Another object of the invention provides a multitude of combined shapes and matrixes when joined together with similar sections and intersections. A number of sections may be attached in tandum with one end of the assembly connected to a multiple opening intersection. Also, others may be attached projecting at various angles therefrom. This flexible arrangement allows the children to use their imagination and creativity in organizing the desired shape or form with the sections at hand. Further, the invention may be in a basic cylindrical form or any shape depicting an animal or object, such as a dragon, snake, centipede, etc., to enhance the interest of the user.
Still another object allows construction with cost effective material, such as polyvinyl chloride, or any other substance having characteristics suitable for inflating, including thermoplastic impregnated cloth, and the like.
Yet another object allows the device to be easily inflated by the use of a valve, well known in the art, that may incorporate a pump of hair dryer attached thereto. This valve also allows oral inflation by a person, however, this method takes considerable time and effort, but may be used conveniently if other mechanical means are unavailable.
These and other objects and advantages of the present invention will become apparent from the subsequent detailed description of the preferred embodiment and the appended claims taken in conjunction with the accompanying drawings.
FIG. 1 is a partial isometric view of the preferred embodiment.
FIG. 2 is an end view of the preferred embodiment in a rectangular configuration.
FIG. 3 is an end view of the preferred embodiment in a square configuration.
FIG. 4 is a view of the round shaped second embodiment.
FIG. 5 is a partial isometric view of the second embodiment.
FIG. 6 is a partial isometric view of the preferred embodiment assembled with 3 rectangular sections and a triangular center intersection.
FIG. 7 is a partial isometric view of the second embodiment assembled with 4 round sections and a hexagonal center intersection.
FIG. 8 is a partial isometric view of a triangular intersection.
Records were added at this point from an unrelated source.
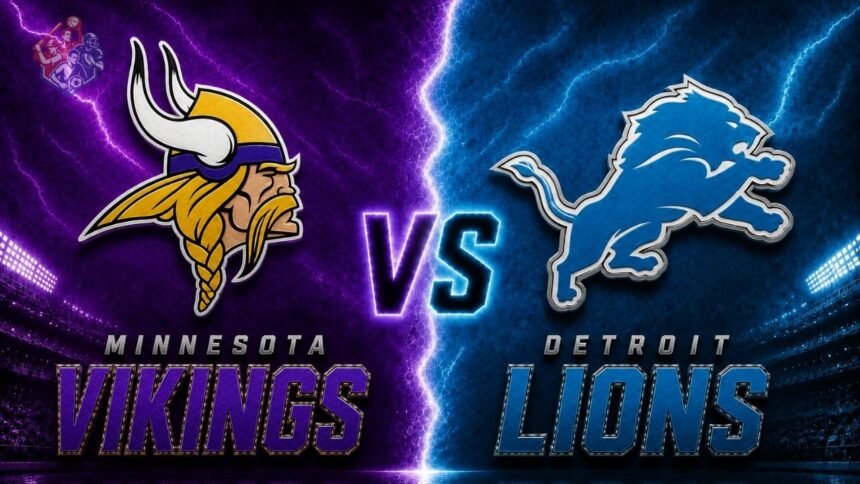 Minnesota Vikings vs Detroit Lions Match Player Stats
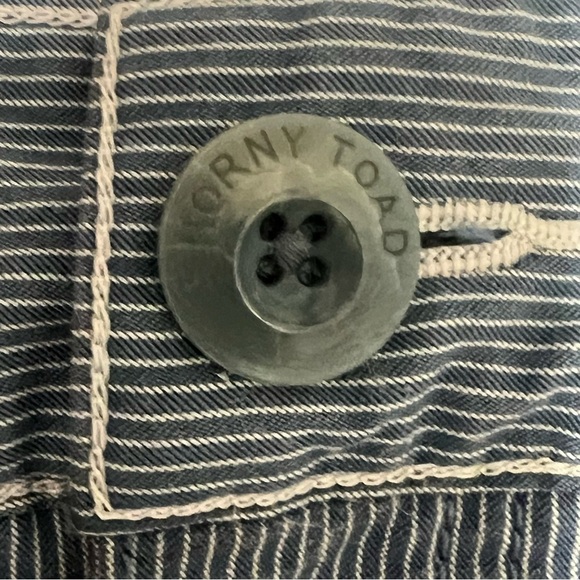 Horny Toad Skirt Skort Women's Size 4 Blue Pinstriped 28" Waist Shorts Athletic - Picture 9 of 16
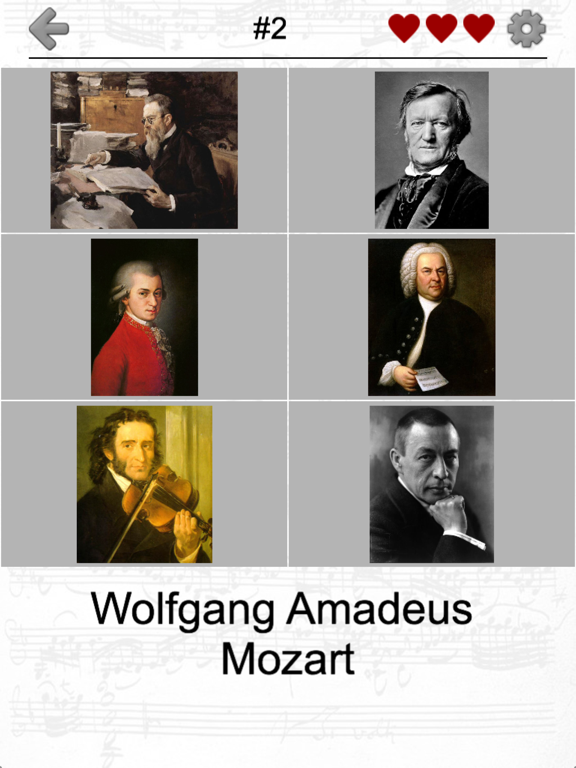 Famous Composers of Classical Music: Portrait Quiz screenshot 4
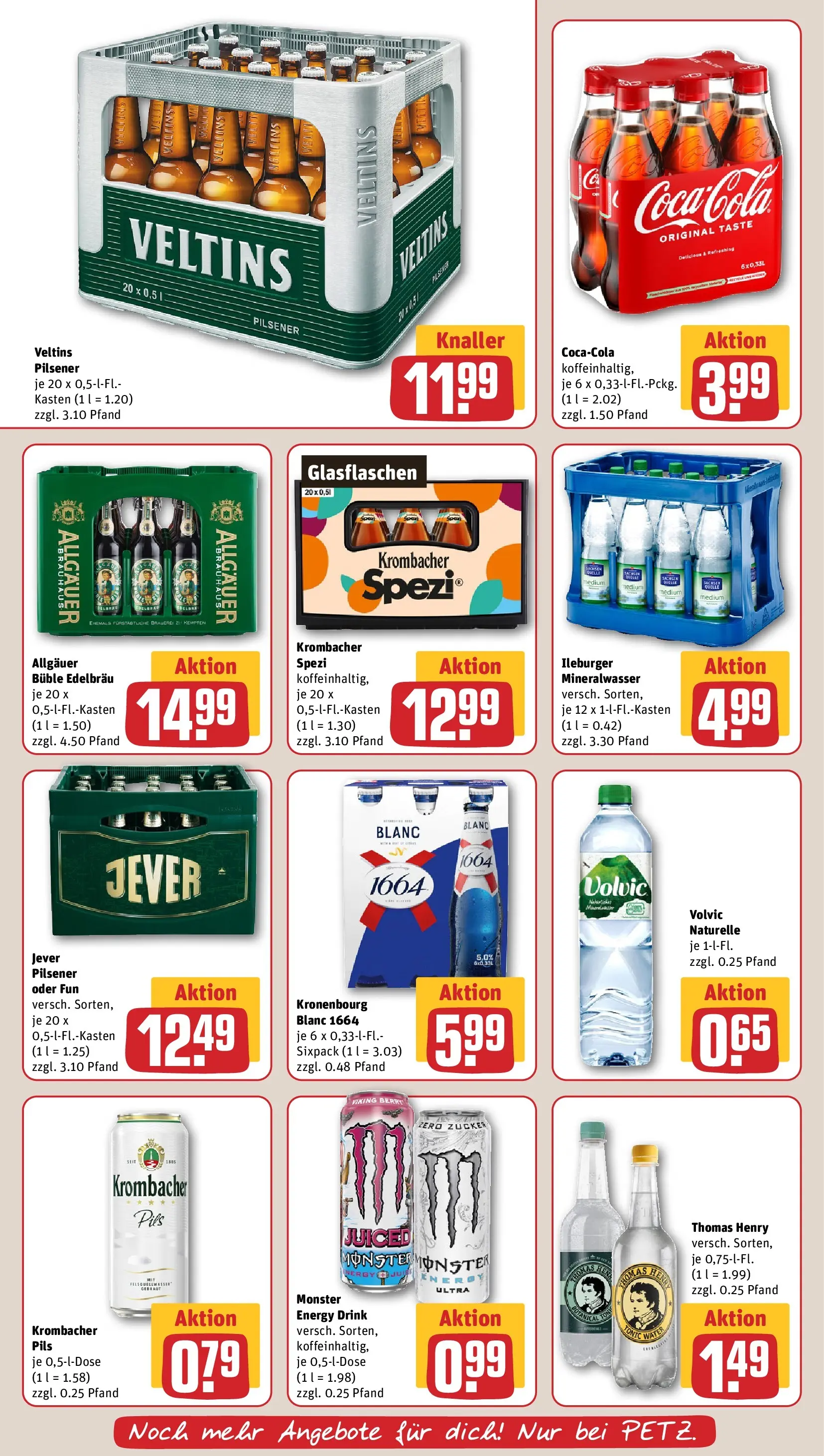 REWE Prospekt ab 16.02.2026 zum Blättern » Angebote | Seite: 22 | Produkte: Pils, Krombacher, Volvic, Veltins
FIG. 9 is a partial isometric view of a square intersection.
FIG. 10 is a partial isometric view of a hexagonal intersection.
FIG. 11 is an isometric view of an embodiment shaped like a caterpillar.
FIG. 12 is an isometric view of an embodiment shaped like a dragon.
The best mode for carrying out the invention is presented in terms of a preferred and second embodiment. These embodiments are both related to tunnels that may be attached together along with intersections connected in a maze-like manner. The preferred embodiment is illustrated in FIGS. 1-3, 6, and 12, and is comprised of a quadrangular shaped pair of ends 20 formed of an inflatable material with an air space between the inner and outer surface. This material is used for the construction of the entire structure and may consist of a thermoplastic film material, such as polyethylene, polyvinyl chloride, polystyrene, or polypropylene.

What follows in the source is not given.